Performance Leap: NVIDIA GeForce 6800 Ultra

Power Consumption, Continued

This measurement is taken when Windows is sitting idle after it has finished booting and loading the drivers. Again the Radeon 9800XT is slightly more power hungry than the GeForce 6800 Ultra. The GeForce FX 5950 Ultra is much less demanding than either of these cards, though.

These values represent the maximum power draw that we measured in the different Game Tests in 3DMark 2003 at different resolutions and quality settings (FSAA, anisotropic filtering). The requirements seem to vary from game to game, but at the same time, ATi and NVIDIA cards also seem to respond to the games differently. In FarCry, for example, the cards need much less juice than in 3DMark 2003. And while the power requirements of the NVIDIA cards spike in Game Test 4, the Radeon 9800XT appetite for electricity is most pronounced in Game Test 1.

Basically, ATi’s Radeon 9800XT and NVIDIA’s GeForce FX 5950 have very similar power requirements, although the ATi card proves to be just a touch more economical. The GeForce 6800 Ultra, on the other hand, obviously enjoys taking a good swig from the power socket, but less than one might originally expect upon seeing the dual aux power connectors. In the end, the new card draws about 24 Watts more than its predecessor. Adjusted for the 69% efficiency of our power supply unit, that would make it 17 Watts more than the GeForce FX 5950, even though the new card uses more power-efficient GDDR3 memory.

We can also extrapolate the power requirements of the remaining cards from these numbers. Assuming that NVIDIA’s quoted maximum power draw of 110 Watts for the 6800 Ultra is correct. Let’s also assume that we reached that worst-case scenario during our tests. That would mean that the Radeon 9800XT has a maximum power requirement of about 91,5 Watts, while the FX 5950 needs 93,5 Watts.

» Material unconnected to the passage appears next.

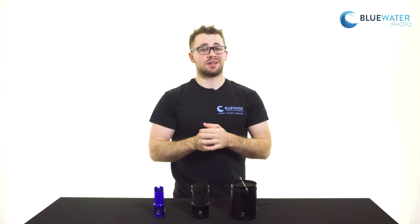If you have any questions, please feel free to contact us here at the store and we will be happy to help you out. Thank you.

Note : The numbers quoted here can not be directly compared with the numbers from our previous article . In this test, we used a different motherboard, which alone would change the results. Additionally, we had to adjust the power supply of our review system, as it was running 5% below spec, since the control panel featuring the PSU voltage regulation wasn’t attached (Antec specific issue).